PROVIDED DATA:
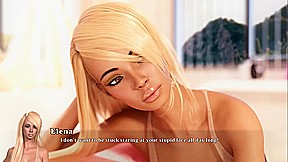 Amnesia Dirty Blonde Girl Ep25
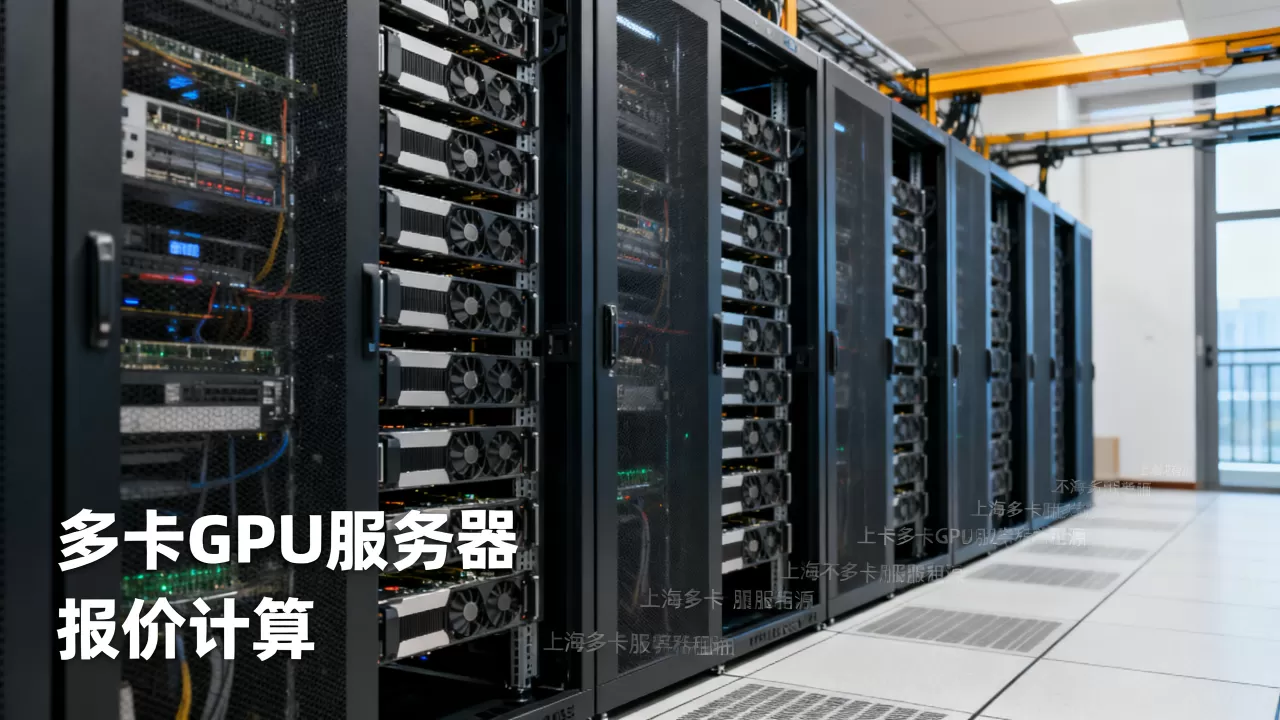 上海多卡GPU服务器租用的报价是怎么算的,多少钱一个月? 上海多卡GPU服务器租用的报价是怎么算的,多少钱一个月?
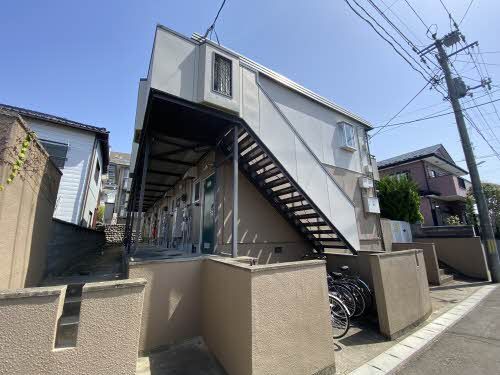 グリーンハイツ小松島の外観写真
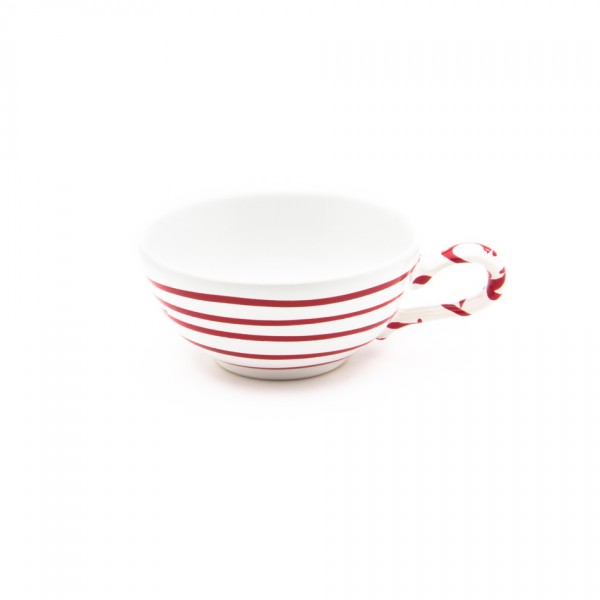 Gmundner Keramik Rotgeflammt Tee-Obertasse glatt classic (TTGL11) 0,17 l
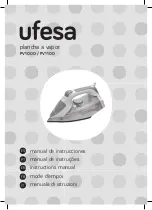UFESA PV1000 Instruction Manual preview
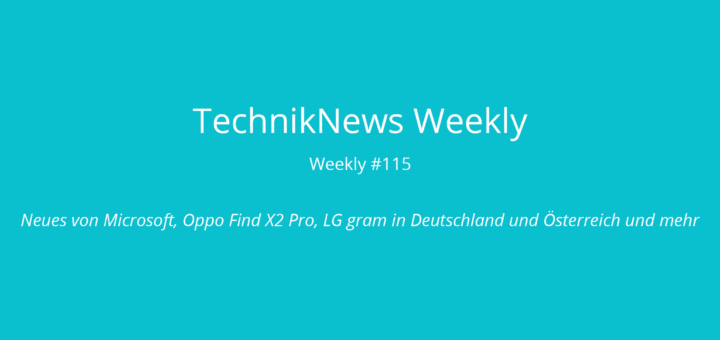 TechnikNews Weekly 115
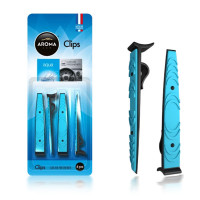 Автомобильный ароматизатор Aroma Car Clips - Aqua (923803)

AIM OF THE EXERCISE:
Omitting all images, retype each line of the records precisely.

RESULT OF THIS TASK:
 Amnesia Dirty Blonde Girl Ep25
 上海多卡GPU服务器租用的报价是怎么算的,多少钱一个月? 上海多卡GPU服务器租用的报价是怎么算的,多少钱一个月?
 グリーンハイツ小松島の外観写真
 Gmundner Keramik Rotgeflammt Tee-Obertasse glatt classic (TTGL11) 0,17 l
UFESA PV1000 Instruction Manual preview
 TechnikNews Weekly 115
 Автомобильный ароматизатор Aroma Car Clips - Aqua (923803)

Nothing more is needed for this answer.